頬の熱を必死に沈めていると、再びカーテンの奥から彼女が現れる。
「こっちはどうでしょうか」
葵が微笑を浮かべつつ見せたのは、黒のロングパンツに白のノースリーブだ。
こちらもシンプルだが可愛さよりも綺麗さを全面に出しており、肩まで見える真っ白な肌が眩しい。
何だか見てはいけない物を見ている気がして、どくどくと心臓の鼓動が早くなる。
「せんぱい?」
「え、あぁ、ごめん。何というか、綺麗だ、凄く」
葵に呼ばれて我に返り、口ごもりつつも感想を述べた。
見惚れていたという事実が空の心を擽り、彼女の顔を見る事が出来ない。
「それで、結局どっちが良いですか?」
「マジで甲乙つけがたい。こういう時に、その、あれだ。素材が良いってのは大変だな」
言葉通り、空の中でどちらが良いかの判断が出来ない。
やはりというか、美少女だからこそ葵は何でも着こなせてしまうようだ。
遠回しに彼女の容姿を褒めつつ苦笑を浮かべれば、葵が僅かに頬を緩めつつも、顎に手を当てて考え始めた。
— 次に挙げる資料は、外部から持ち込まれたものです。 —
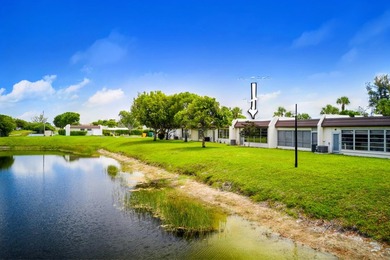 Welcome to this charming 2-bedroom, 2-bathroom villa nestled in - photo 40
「んー。せんぱいはホントにどっちも良いみたいですし、これは悩みますね……」
「何か、すまん」
「いえいえ。これで適当な反応だったら怒ってましたが、そういう訳じゃないのは分かってます。だから大丈夫ですよ」
「……そうか」
どうやら、空が二つの服に見惚れていたのはバレているらしい。
かなり恥ずかしいが、そのお陰で短い感想でも許されたのだから、これで良かったのだろう。
安堵に胸を撫で下ろすものの、これでは答えが出ない。
ジッと葵の言葉を待っていると、彼女の中で考えが纏まったようでポンと手を叩いた。
「取り敢えず、他の店に行きましょう!」
「買わないのか?」
「一つの店だけで決めるなんて、そんな甘い考えはしませんよ。これはキープです」
「……そういう物なのか」
「はい、という訳で失礼しますね」
まさかの第三の選択肢を口にした葵に僅かながら引いていると、もう一度カーテンが空と葵を遮った。
堂々と発言しても良いのかと不安になって周囲を窺えば、客も店員も特に気にしていない。
おそらく、他の客も似たような事をしているのだろう。
空は一応服には気を付けているものの、これだと決めたら買ってしまうので葵とは違い過ぎる。
感心と僅かな恐れを抱いていると、長袖ワンピースに戻った葵が小部屋から出て来た。
「さてさて、行きましょうか」
葵と共に服を元の場所へ戻し、店を出る。
全く元気の衰えない葵の姿に、買い物が長引く予感がしてひっそりと溜息をつくのだった。